Le travail des élus locaux est-il « un travail sans qualité » ? (Michel Catlla)

DES CONTOURS FAIBLEMENT MARQUÉS

En France, les conditions d’exercice de l’activité politique des élus municipaux s’inscrivent dans un cadrage juridique dont les contours sont faiblement marqués. Les missions qui leur sont confiées le sont dans des termes génériques, les directions qui sont fixées le sont globalement, et les activités remplies ont des frontières plus ou moins définies.

UNE ACTIVITÉ PROFESSIONNELLE NON RECONNUE

D’une manière générale, la législation se refuse à considérer l’exercice d’un mandat local comme une activité professionnelle. Après avoir rencontré plus de cinquante élus locaux (maires, adjoints et conseillers municipaux), Michel CATLLA, sociologue spécialisé en science politique, présente les conditions de travail concrètes auxquelles sont confrontés les professionnels « non reconnus » de la politique. (1). Il rapporte les témoignages d’élus qui lui ont ainsi déclaré :

  • qu’il s’agit d’une activité stressante,
  • que des collègues sont en dépression suite à une défaite, à un revers ou à des attaques personnelles,
  • que le moteur les poussant à agir est celui d’un travail au service des administrés et des agents territoriaux,
  • qu’il s’agit d’un « temps complet » qui empiète sur la vie privée (2),
  • que pour ceux qui l’exercent avec conscience, il ne leur reste que peu de temps pour eux ou pour leurs proches.

Pour Michel CATLLA, « le travail des élus locaux s’apparente à un travail sans qualité : flexible, corvéable, précaire, sous l’emprise de responsabilités nombreuses et intenables, devant faire face à des dispositions contradictoires, sans nécessaire reconnaissance relationnelle ou financière en contrepartie… ». Une facette extrême, peu reluisante, du travail de l’élu, mais néanmoins réelle.

RÉFÉRENCES
1. CATLLA Michel, « Élu local : un travail sans qualité ? », Société française de science politique,  Congrès de Strasbourg, 2011.
2. « Projet sur les élus locaux au travail (PRELAT) », Programme de recherche, CERTOP, Université de Toulouse 2.

DOCUMENT

UNE RECHERCHE SUR LE TRAVAIL DES ÉLUS LOCAUX

Le projet PRELAT (Projet sur les élus locaux au travail), financé par l’ANR (Agence nationale de la recherche), propose d’analyser comment les élus exercent leurs fonctions de gouvernement et d’administration, en mobilisant des cadres d’analyse de la sociologie du travail et des professions, appliqués à l’étude d’un travail politique.

L’accent est mis sur les processus, pluriels, de configuration de ce travail, de délimitation des fonctions, de structuration d’une division des activités, de spécialisations professionnelles.
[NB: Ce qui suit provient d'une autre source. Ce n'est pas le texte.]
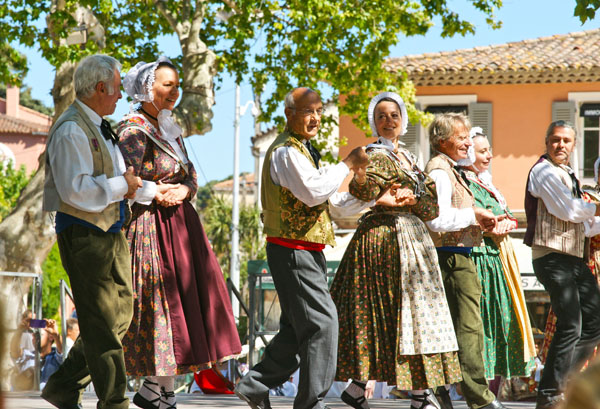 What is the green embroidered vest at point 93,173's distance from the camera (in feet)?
12.4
D’emblée il s’agit de considérer que le travail des élus est une activité collective, inscrite dans des organisations structurées par des règles formelles et des ajustements pratiques, dans des flux d’échanges et d’interactions avec d’autres acteurs, dans des procédures explicites et dans des routines tacites, etc.

Le monde professionnel dans lequel le travail des élus est configuré est saisi à partir des entourages susceptibles de contribuer aux fonctions de gouvernement (outre les élus, les cadres dirigeants de l’administration et les conseillers et collaborateurs directs occupant des positions intermédiaires).

Les processus de configuration du travail sont explorés à partir de quatre entrées, correspondant à des dispositifs méthodologiques spécifiques :

  • un niveau institutionnel mettant l’accent sur les contextes socio-historiques locaux qui colorent les fonctions d’élu ;
  • un niveau organisationnel focalisant sur les divisions du travail qui délimitent des rôles professionnels ;
  • un niveau biographique prenant en compte les parcours et croyances des acteurs qui nourrissent les conceptions de l’activité ;
  • un niveau situationnel privilégiant les pratiques de travail développées à propos d’objets et de dossiers circonscrits qui sont encastrées dans des interactions et situations précises.

Ainsi cette sociologie du travail politique vise à éclairer les transformations contemporaines du champ politique et à contribuer aux débats sur la professionnalisation des élus, à partir d’une exploration des conditions -institutionnelles, organisationnelles, relationnelles et personnelles- du travail de gouvernement régional.

Sur un plan plus théorique, ce projet participe aux nouvelles approches, notamment anglo-saxonnes, du travail professionnel, qui considèrent la professionnalisation comme une production collective organisée, et à ce titre incertaine : si elle résulte de processus internes et pour partie maîtrisés par les travailleurs concernés (ici les élus), elle résulte aussi de processus externes et portés par d’autres acteurs travaillant dans le même monde professionnel et y occupant des positions différentes (ici les entourages de gouvernement).

Ce projet est coordonné par Didier Demazière. Les autres partenaires sont : Michel Catlla (Certop), Patrick Le Lidec (Cersa), Sandrine Nicourd (Printemps), Eric Verdier (Lest) et Lucie Bargel, Sébastien Gardon, Aisling Healy.